Pants hasn’t had crystal in days. Besides, he’s leaving this place soon. He’s heard a rumor about the failure of the jailbreak in reverse, that some of the men are now in the prison for good. But he hasn’t seen anyone and his closest gossipers — Tony and Pete — haven’t said anything. He scratches his head and the sound is amplified and migraine producing. His forearms have blue-black veins like tangled wires. He imagines his count — 74, 55, 39, 28, 16, 10 — as actual numbers, three dimensional, falling in rain.
“Mom?”
Jug looks around the room and so does a guard. “Huh?” says Jug, leaning forward. From where Pants is sitting, combined with how Jug is sitting, Jug is two spread legs and just a head, a confused face in the middle, and Pants smiles, looks haunted.

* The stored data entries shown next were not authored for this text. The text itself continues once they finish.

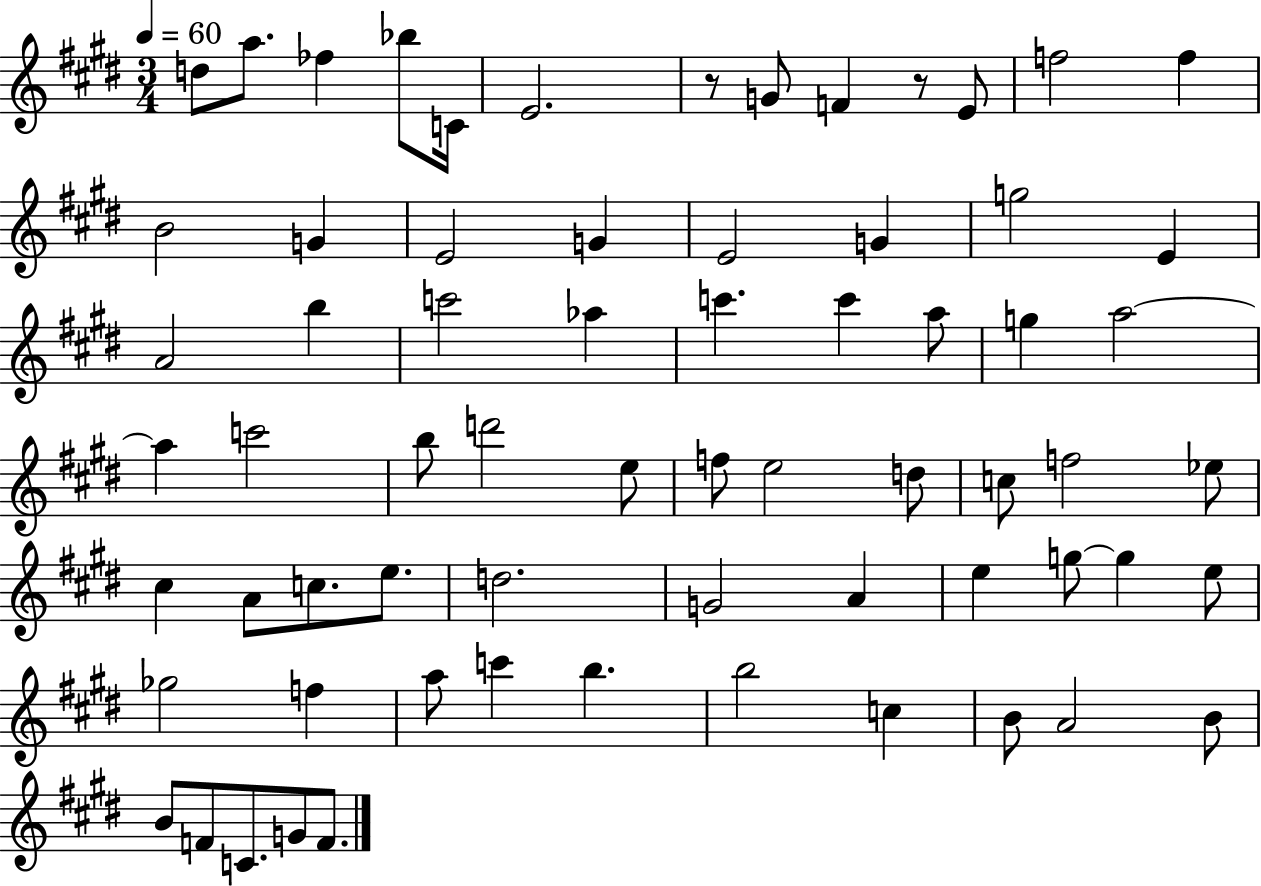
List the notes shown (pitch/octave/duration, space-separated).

D5/e A5/e. FES5/q Bb5/e C4/s E4/h. R/e G4/e F4/q R/e E4/e F5/h F5/q B4/h G4/q E4/h G4/q E4/h G4/q G5/h E4/q A4/h B5/q C6/h Ab5/q C6/q. C6/q A5/e G5/q A5/h A5/q C6/h B5/e D6/h E5/e F5/e E5/h D5/e C5/e F5/h Eb5/e C#5/q A4/e C5/e. E5/e. D5/h. G4/h A4/q E5/q G5/e G5/q E5/e Gb5/h F5/q A5/e C6/q B5/q. B5/h C5/q B4/e A4/h B4/e B4/e F4/e C4/e. G4/e F4/e.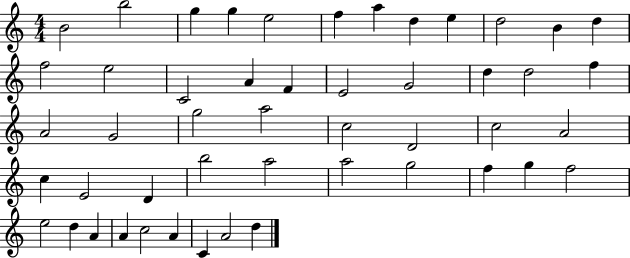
{
  \clef treble
  \numericTimeSignature
  \time 4/4
  \key c \major
  b'2 b''2 | g''4 g''4 e''2 | f''4 a''4 d''4 e''4 | d''2 b'4 d''4 | \break f''2 e''2 | c'2 a'4 f'4 | e'2 g'2 | d''4 d''2 f''4 | \break a'2 g'2 | g''2 a''2 | c''2 d'2 | c''2 a'2 | \break c''4 e'2 d'4 | b''2 a''2 | a''2 g''2 | f''4 g''4 f''2 | \break e''2 d''4 a'4 | a'4 c''2 a'4 | c'4 a'2 d''4 | \bar "|."
}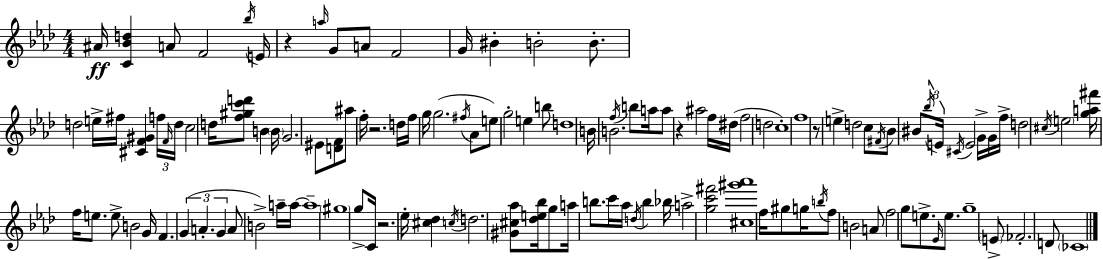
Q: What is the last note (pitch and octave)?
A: CES4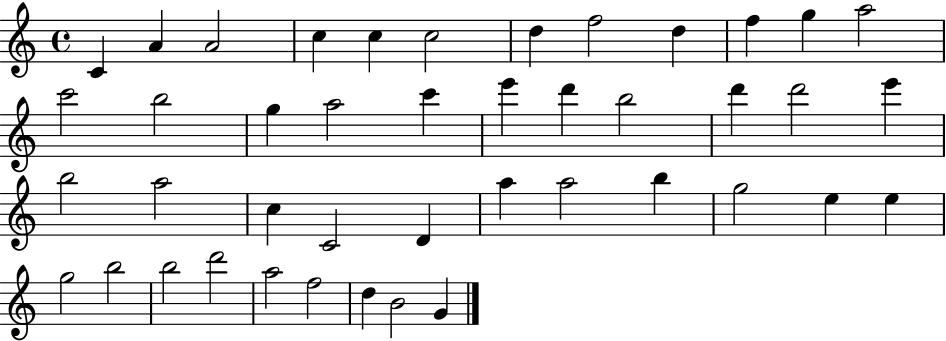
C4/q A4/q A4/h C5/q C5/q C5/h D5/q F5/h D5/q F5/q G5/q A5/h C6/h B5/h G5/q A5/h C6/q E6/q D6/q B5/h D6/q D6/h E6/q B5/h A5/h C5/q C4/h D4/q A5/q A5/h B5/q G5/h E5/q E5/q G5/h B5/h B5/h D6/h A5/h F5/h D5/q B4/h G4/q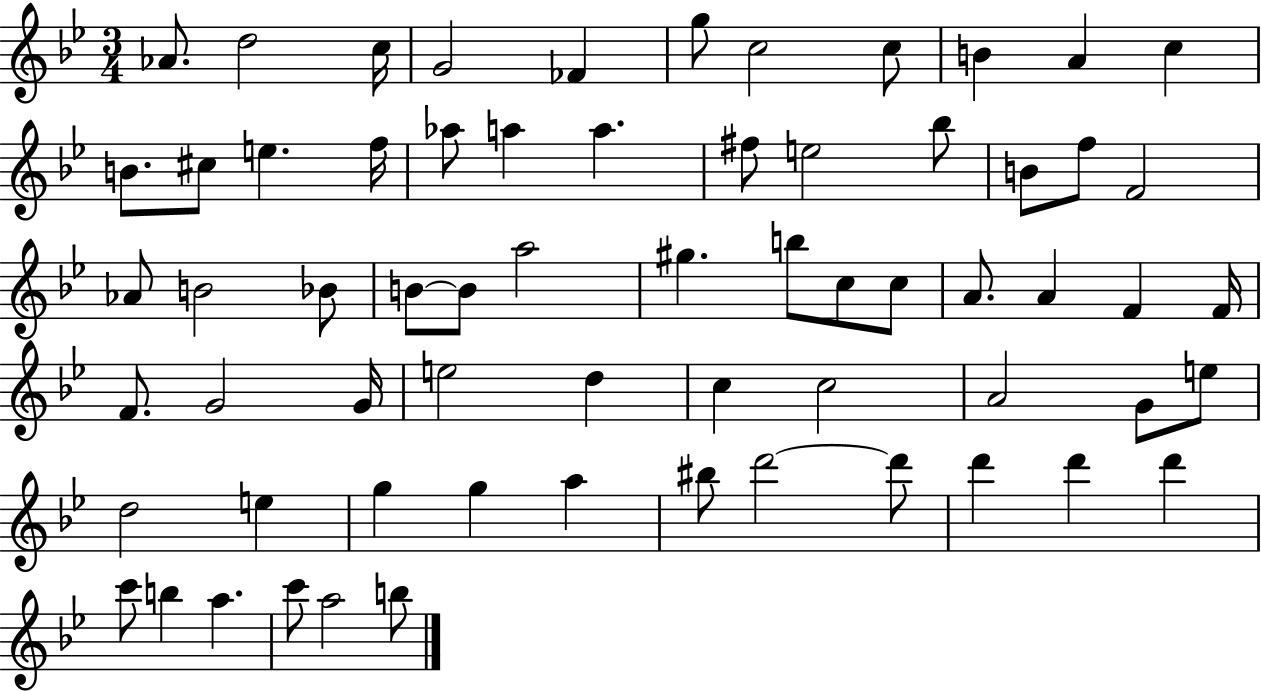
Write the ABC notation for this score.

X:1
T:Untitled
M:3/4
L:1/4
K:Bb
_A/2 d2 c/4 G2 _F g/2 c2 c/2 B A c B/2 ^c/2 e f/4 _a/2 a a ^f/2 e2 _b/2 B/2 f/2 F2 _A/2 B2 _B/2 B/2 B/2 a2 ^g b/2 c/2 c/2 A/2 A F F/4 F/2 G2 G/4 e2 d c c2 A2 G/2 e/2 d2 e g g a ^b/2 d'2 d'/2 d' d' d' c'/2 b a c'/2 a2 b/2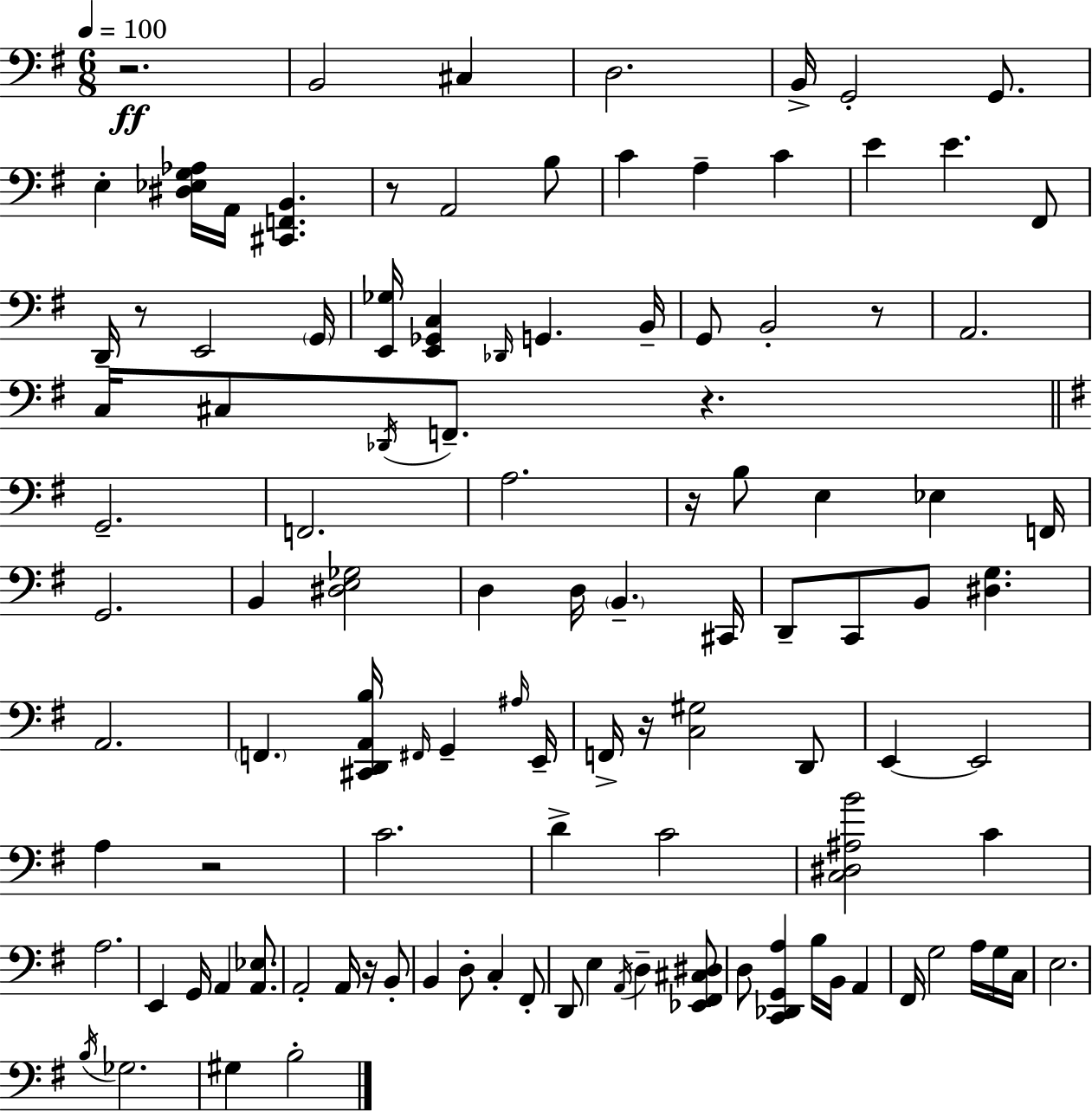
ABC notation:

X:1
T:Untitled
M:6/8
L:1/4
K:Em
z2 B,,2 ^C, D,2 B,,/4 G,,2 G,,/2 E, [^D,_E,G,_A,]/4 A,,/4 [^C,,F,,B,,] z/2 A,,2 B,/2 C A, C E E ^F,,/2 D,,/4 z/2 E,,2 G,,/4 [E,,_G,]/4 [E,,_G,,C,] _D,,/4 G,, B,,/4 G,,/2 B,,2 z/2 A,,2 C,/4 ^C,/2 _D,,/4 F,,/2 z G,,2 F,,2 A,2 z/4 B,/2 E, _E, F,,/4 G,,2 B,, [^D,E,_G,]2 D, D,/4 B,, ^C,,/4 D,,/2 C,,/2 B,,/2 [^D,G,] A,,2 F,, [^C,,D,,A,,B,]/4 ^F,,/4 G,, ^A,/4 E,,/4 F,,/4 z/4 [C,^G,]2 D,,/2 E,, E,,2 A, z2 C2 D C2 [C,^D,^A,B]2 C A,2 E,, G,,/4 A,, [A,,_E,]/2 A,,2 A,,/4 z/4 B,,/2 B,, D,/2 C, ^F,,/2 D,,/2 E, A,,/4 D, [_E,,^F,,^C,^D,]/2 D,/2 [C,,_D,,G,,A,] B,/4 B,,/4 A,, ^F,,/4 G,2 A,/4 G,/4 C,/4 E,2 B,/4 _G,2 ^G, B,2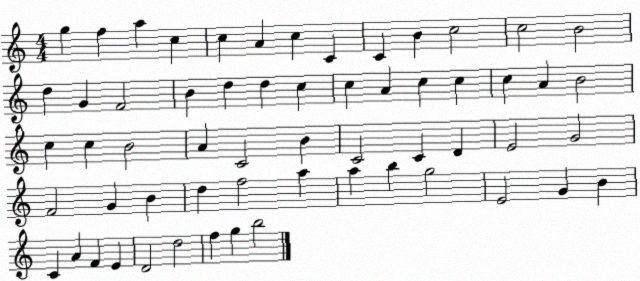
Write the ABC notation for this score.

X:1
T:Untitled
M:4/4
L:1/4
K:C
g f a c c A c C C B c2 c2 B2 d G F2 B d d c c A c c c A B2 c c B2 A C2 B C2 C D E2 G2 F2 G B d f2 a a b g2 E2 G B C A F E D2 d2 f g b2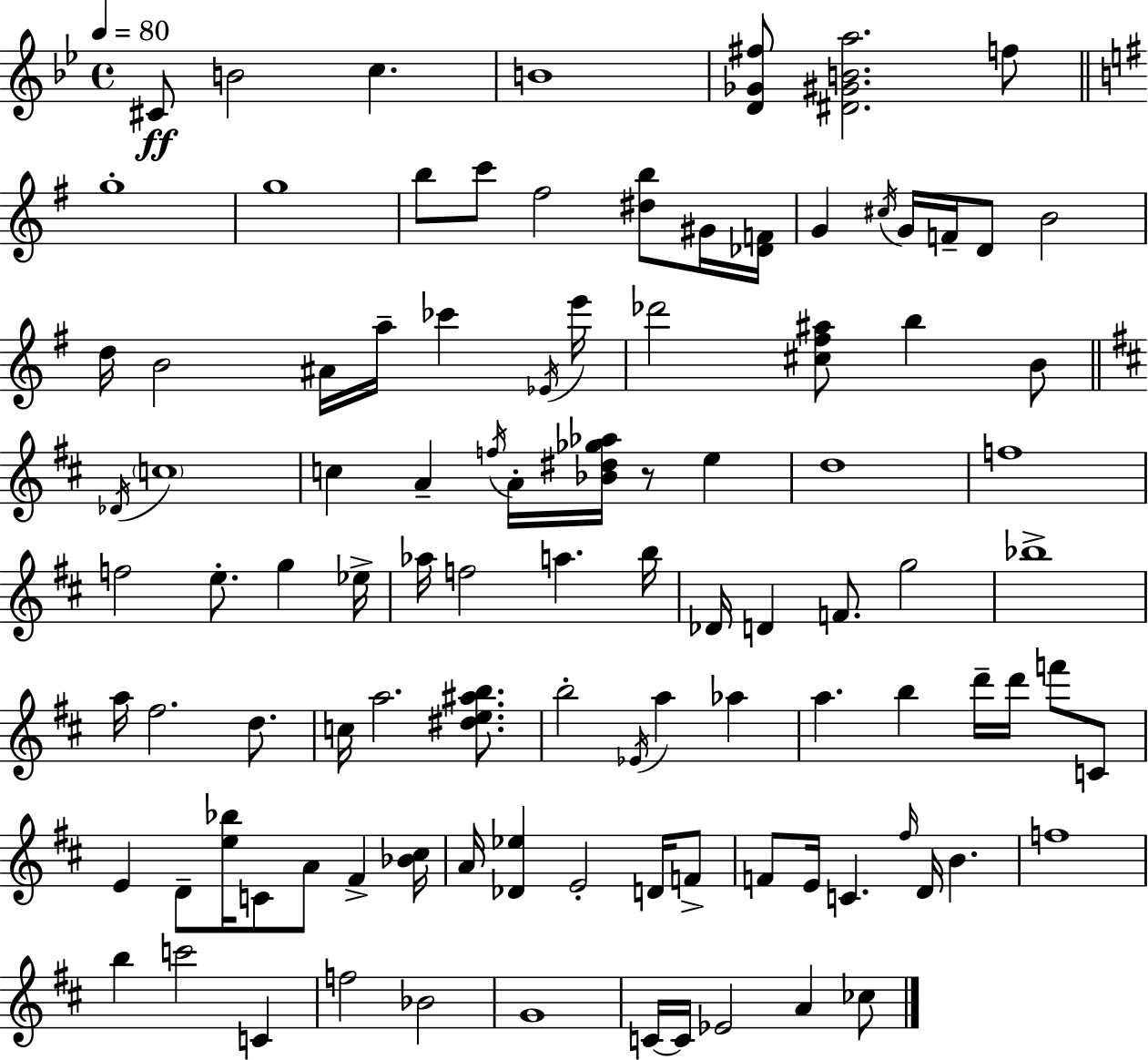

“I don’t want to do this anymore.”
“I’ve had enough too. Got in a lot of trouble for what you did before. What I want to tell you is that we read your letters from Brothers Feast and the ones to and from your mother.”
It’s hard to say who is more shocked by his reaction — the guards who have their hands on their clubs, their fingers tracing the metal rings in the wood, or Pants himself, who feels the few muscles left in his body tighten like anchored rope. Even Jug is uncomfortable, his eyes zigzagging around the room as he ignores Pants who is crying the type of crying where the eyes are bloodshot and filled with water and the upper body shakes.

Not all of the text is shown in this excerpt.